* Work task
For this exercise, retype the lines from the one that holds "Axial CTA MIP" through the one that holds "A RAID Z3 array" in the records below, both included, exactly and without pictures.

(Stored data)
_ _ _

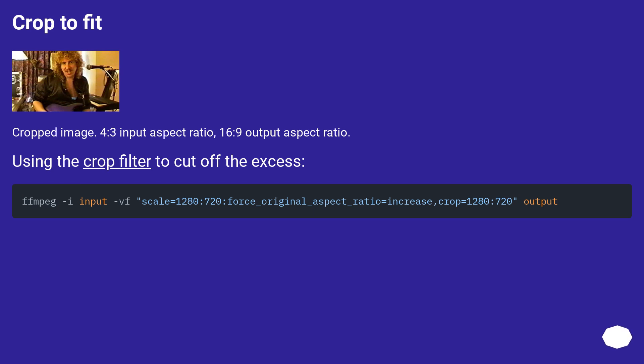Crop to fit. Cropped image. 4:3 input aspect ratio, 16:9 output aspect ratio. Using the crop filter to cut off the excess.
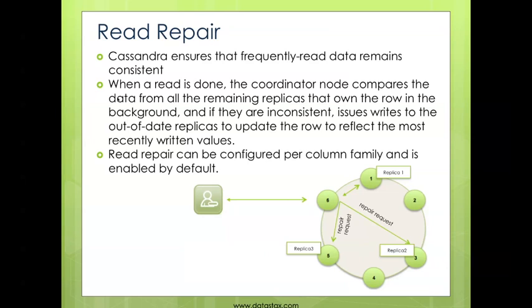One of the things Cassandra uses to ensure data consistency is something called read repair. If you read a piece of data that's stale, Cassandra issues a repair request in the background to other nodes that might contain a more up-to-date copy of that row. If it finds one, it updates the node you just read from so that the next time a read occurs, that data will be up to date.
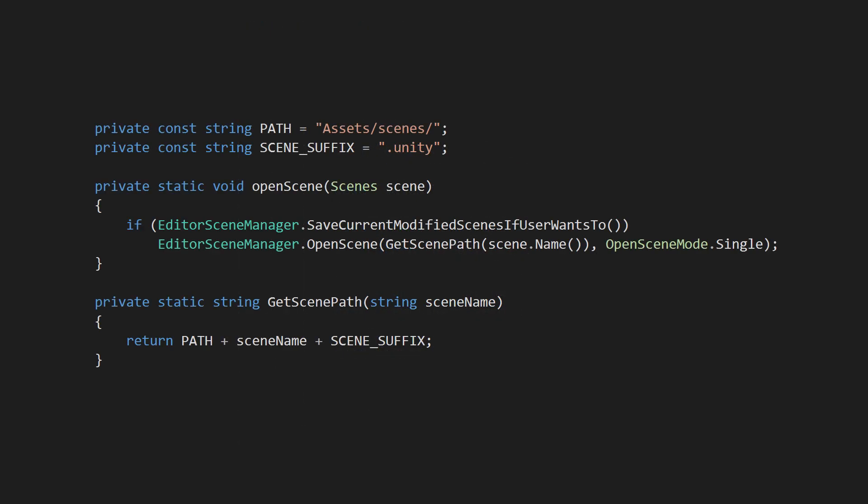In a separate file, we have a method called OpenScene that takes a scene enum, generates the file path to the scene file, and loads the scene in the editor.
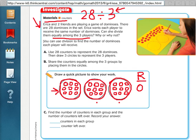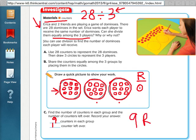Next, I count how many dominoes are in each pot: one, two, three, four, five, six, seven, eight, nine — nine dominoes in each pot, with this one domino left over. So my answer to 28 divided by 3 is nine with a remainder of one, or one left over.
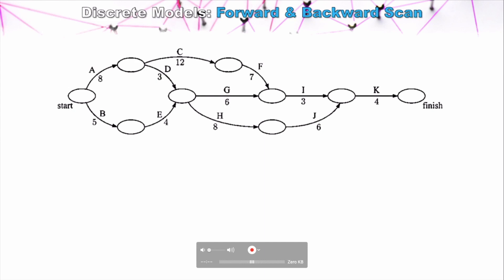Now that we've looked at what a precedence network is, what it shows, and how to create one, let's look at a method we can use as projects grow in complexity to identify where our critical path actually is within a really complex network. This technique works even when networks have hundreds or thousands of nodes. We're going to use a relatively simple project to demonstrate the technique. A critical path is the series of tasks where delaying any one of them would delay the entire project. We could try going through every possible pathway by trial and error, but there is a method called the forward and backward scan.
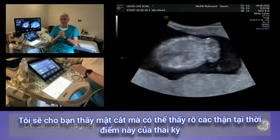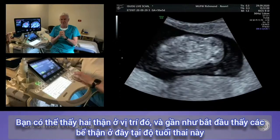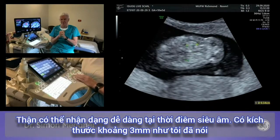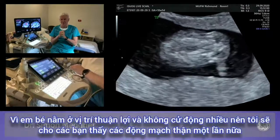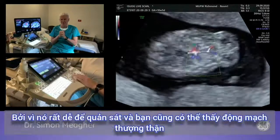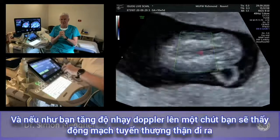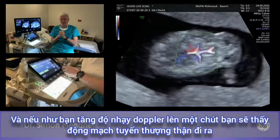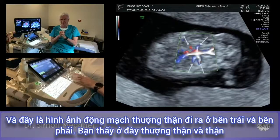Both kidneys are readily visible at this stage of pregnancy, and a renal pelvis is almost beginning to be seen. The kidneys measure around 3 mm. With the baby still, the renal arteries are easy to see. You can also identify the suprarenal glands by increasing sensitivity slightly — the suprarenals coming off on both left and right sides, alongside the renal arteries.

_ _ _

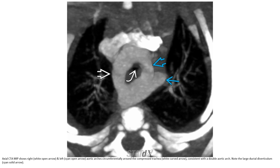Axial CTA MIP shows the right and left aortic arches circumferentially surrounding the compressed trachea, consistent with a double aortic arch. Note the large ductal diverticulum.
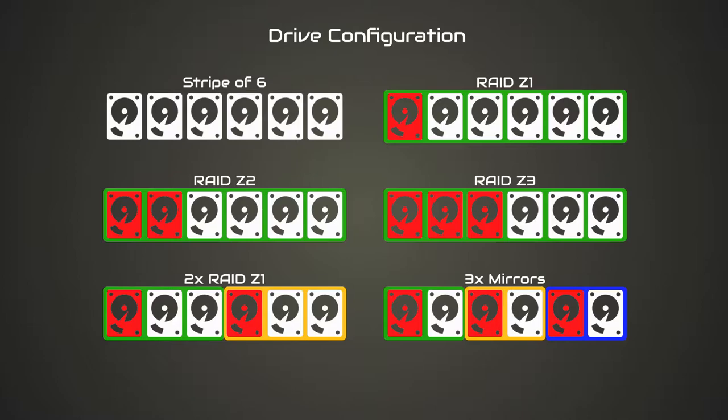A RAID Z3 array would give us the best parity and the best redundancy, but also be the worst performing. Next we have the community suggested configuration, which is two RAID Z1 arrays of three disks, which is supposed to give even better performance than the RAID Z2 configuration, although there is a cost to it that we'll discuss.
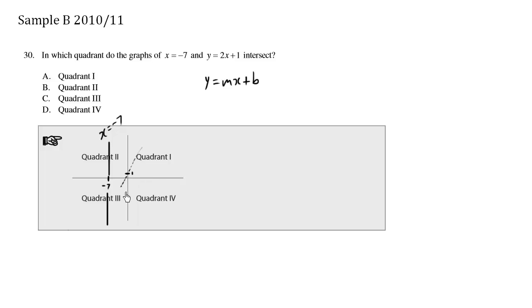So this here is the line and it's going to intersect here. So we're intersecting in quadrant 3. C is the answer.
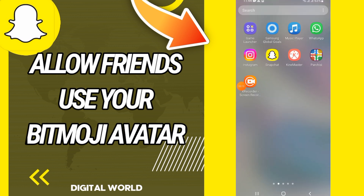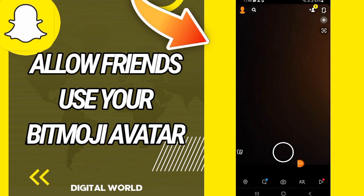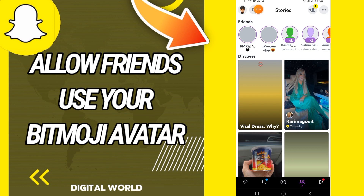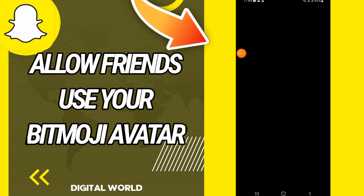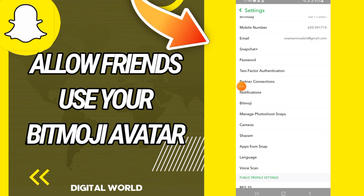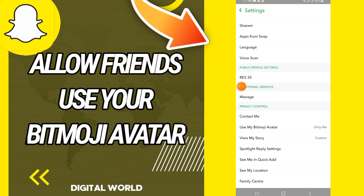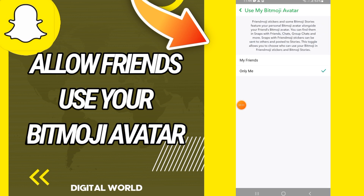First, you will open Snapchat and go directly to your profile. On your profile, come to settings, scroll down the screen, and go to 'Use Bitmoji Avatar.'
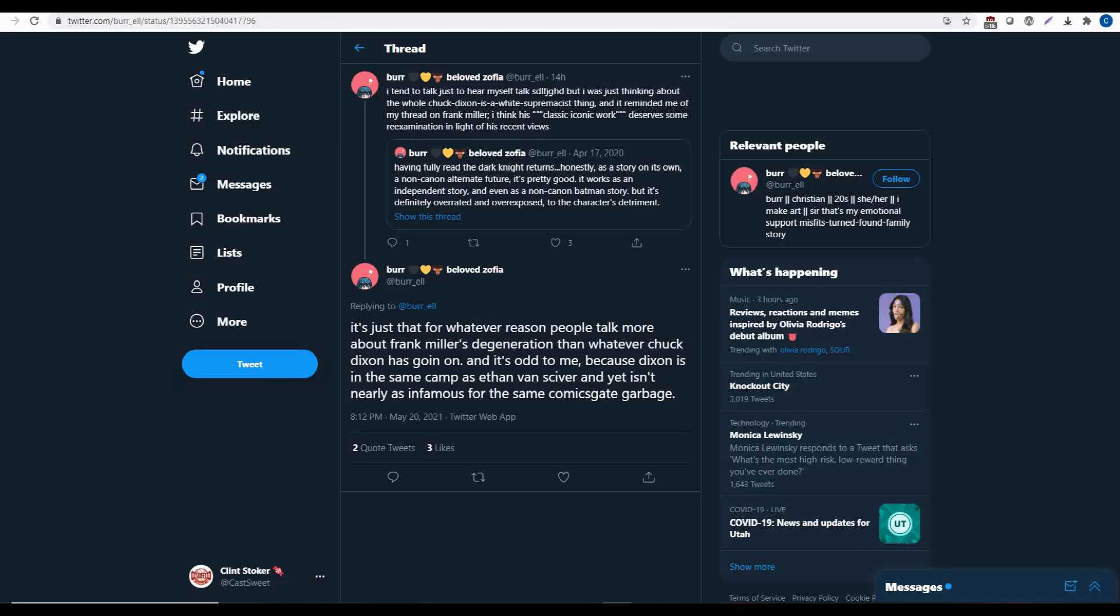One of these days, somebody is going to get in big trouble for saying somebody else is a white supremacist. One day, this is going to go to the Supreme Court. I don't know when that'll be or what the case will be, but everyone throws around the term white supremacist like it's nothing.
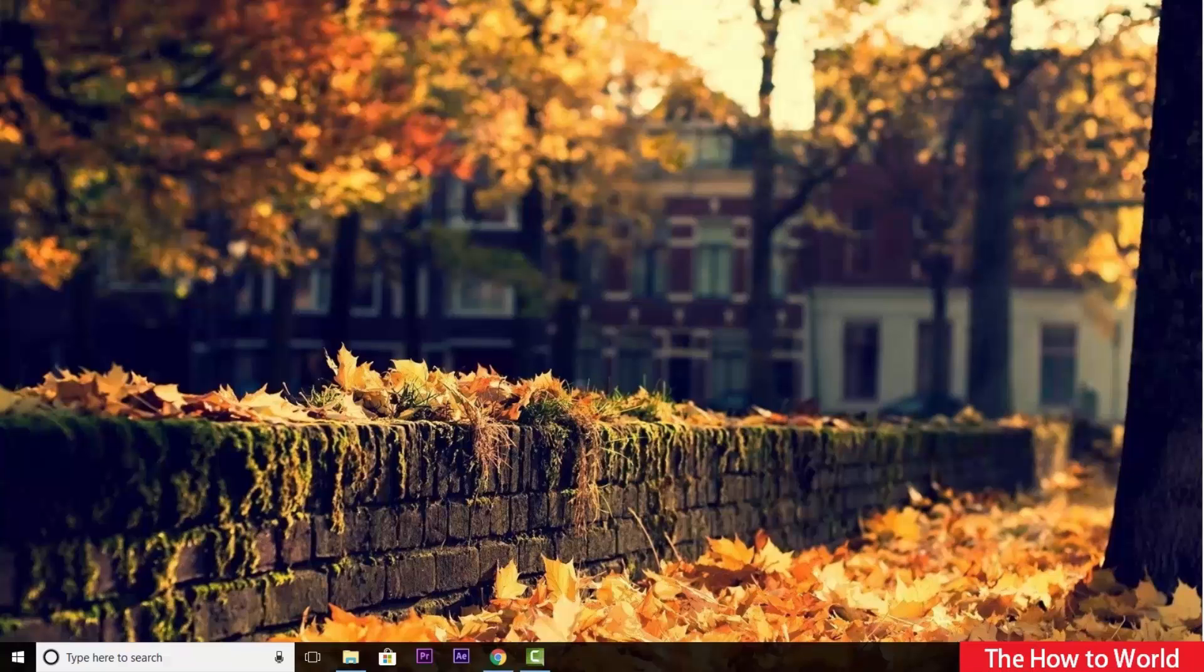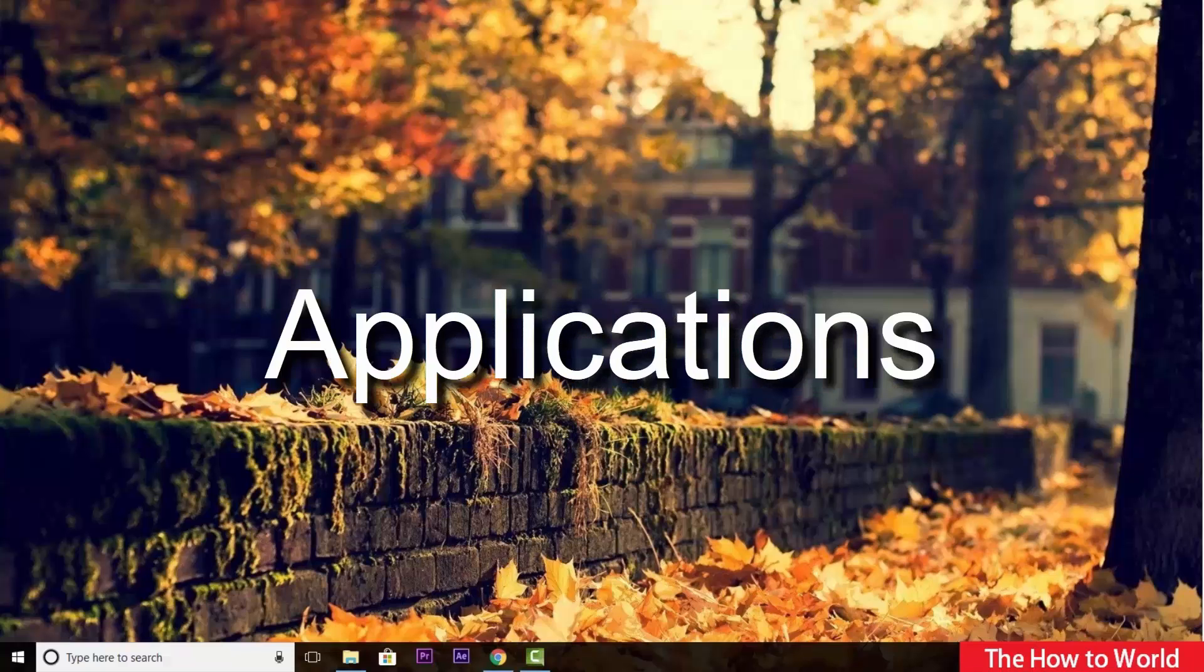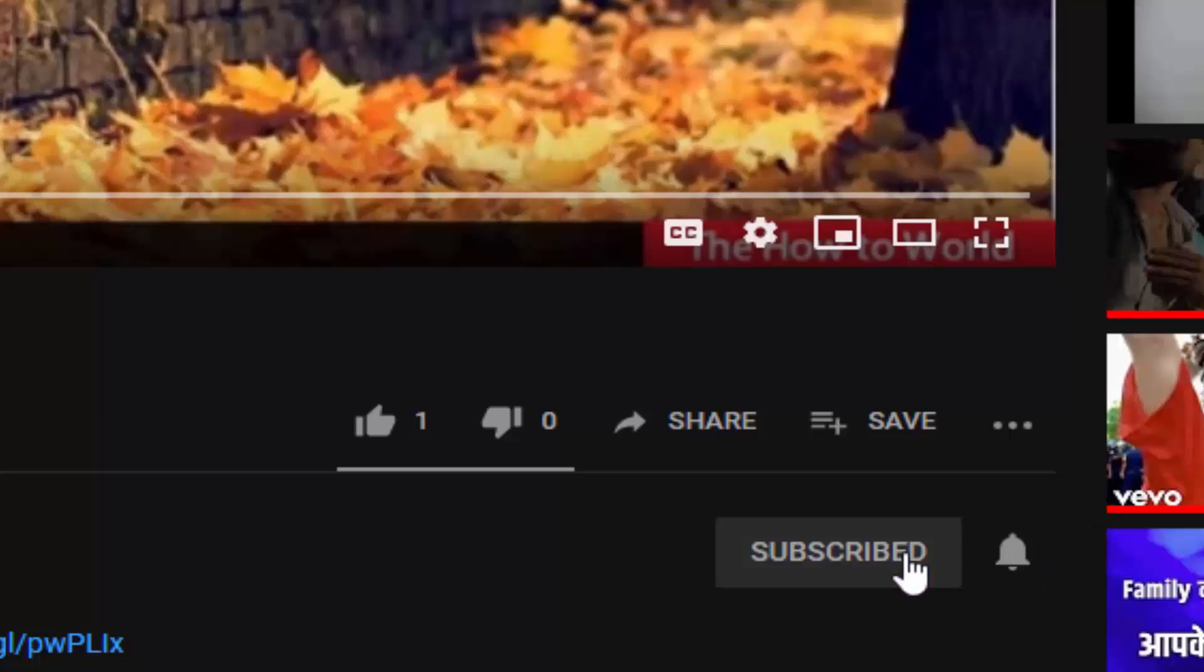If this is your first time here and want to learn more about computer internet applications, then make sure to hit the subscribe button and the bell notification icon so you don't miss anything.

_ _ _

* Result of the exercise
Axial CTA MIP shows the right and left aortic arches circumferentially surrounding the compressed trachea, consistent with a double aortic arch. Note the large ductal diverticulum.
A RAID Z3 array would give us the best parity and the best redundancy, but also be the worst performing. Next we have the community suggested configuration, which is two RAID Z1 arrays of three disks, which is supposed to give even better performance than the RAID Z2 configuration, although there is a cost to it that we'll discuss.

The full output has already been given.